No último mês de agosto, o colegiado da Comissão de Valores Mobiliários (CVM) aprovou o aumento para R$ 200.000,00 do teto máximo passível de ser indenizado pelo mecanismo de ressarcimento de prejuízos, o MRP.[1] O novo valor passará a valer a partir de janeiro de 2024, aplicando-se o antigo, de R$ 120.000,00, aos eventos ocorridos até lá. As hipóteses de ressarcimento por enquanto permanecem as mesmas: são indenizáveis perdas decorrentes de ação ou omissão dos intermediários em negócios realizados em bolsa ou relacionadas ao serviço de custódia. Mas a decisão da CVM anuncia a retomada dos estudos para estender o MRP a mercados de balcão organizado e para cobrir, nos casos de liquidação extrajudicial, os saldos financeiros não atribuíveis a operações realizadas em bolsa  — dois temas já discutidos com o mercado durante a audiência pública da Resolução 135.

Os menos iniciados no funcionamento do mercado secundário se surpreendem ao saber que perdas incorridas ao negociar em bolsa são indenizáveis administrativamente pelo MRP. E, talvez mais ainda, ao saber que ele é mantido por uma empresa privada e com fins lucrativos, a B3.[2] A surpresa não chega a espantar. Mecanismos de indenização aos investidores, assim como os seguros de depósito, como é o caso do Fundo Garantidor de Crédito, o FGC, são técnicas tradicionais, apesar de extremas e, por isso, pouco frequentes, de redução de risco.

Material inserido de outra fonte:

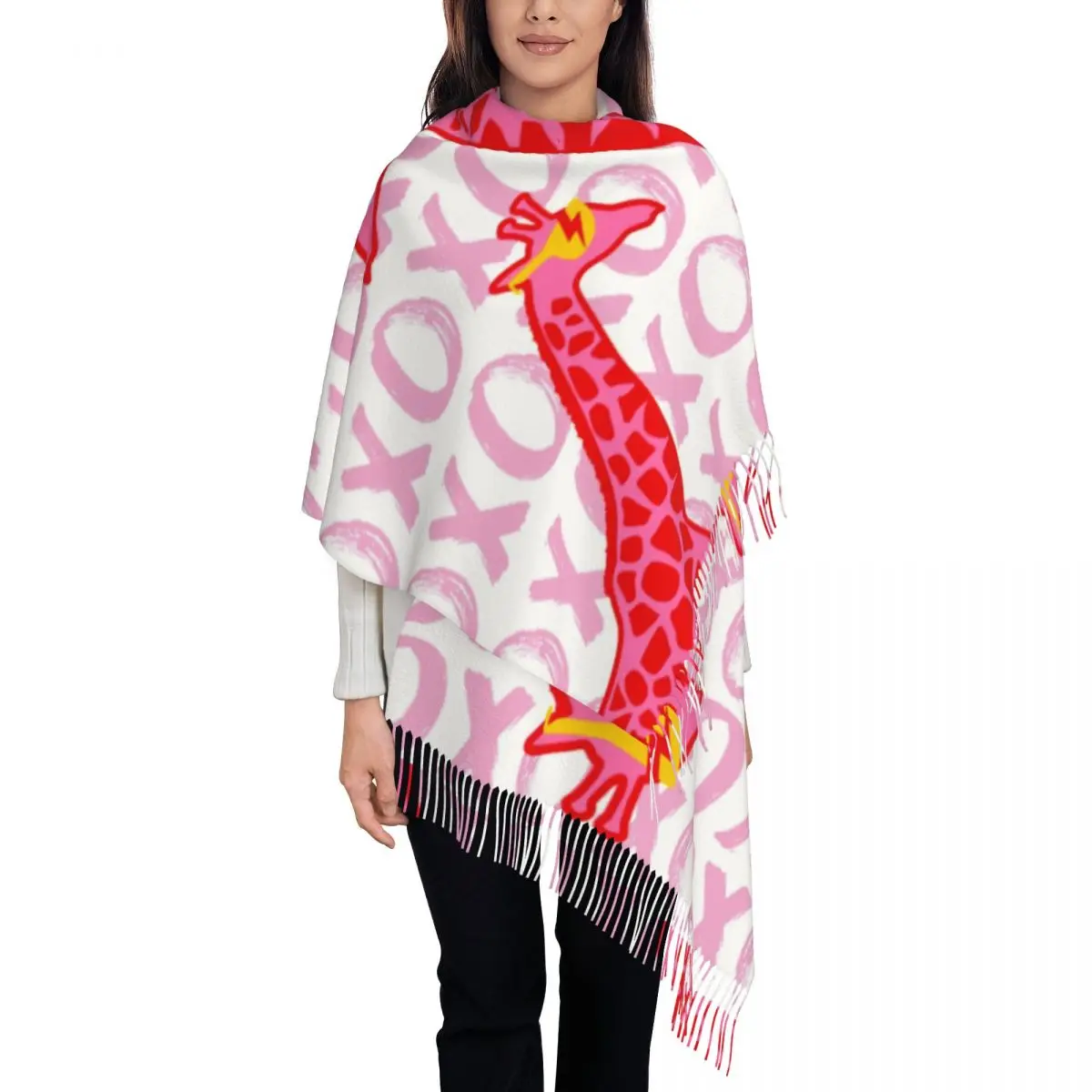 

Giraffe XOXO Scarf Wrap Women Long Winter Fall Warm Tassel Shawl Unisex Pink Girl Purple Letter Aesthetic Scarves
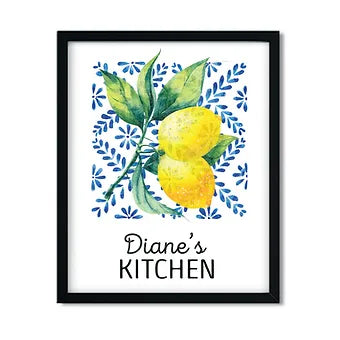 Personalized Lemon Monogram Print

A elevação do limite máximo é um momento oportuno para refletir sobre as razões desse tipo de arranjo.[3] Apesar de disponível em boa parte das jurisdições reputadas desenvolvidas em mercado de capitais, sua criação não está imune a críticas. A principal delas é a de que haveria um incentivo ao “risco moral” (moral hazard), ou seja, tendência ao comportamento descuidado ou irresponsável pelo indivíduo que sabe que conta com a garantia de indenização. Críticas como essa seriam até mais pertinentes no Brasil, onde as hipóteses de incidência do MRP, hoje previstas no art. 124 da Resolução 135, de 2022, além de exemplificativas, são também mais amplas que as de seus congêneres, que só cobrem perdas no cenário muito particular de insolvência patrimonial.

Para que precisamos de um MRP?

Diariamente, compradores de imóveis, carros ou outros bens passam por situações de prejuízos atribuíveis a terceiros ou se veem desamparados pela falência de uma empresa. Da mesma forma, todos entendemos como um fato da vida a ocorrência de falhas e interrupções — e, com elas, perdas — na prestação de serviços, mesmo naqueles de natureza essencial.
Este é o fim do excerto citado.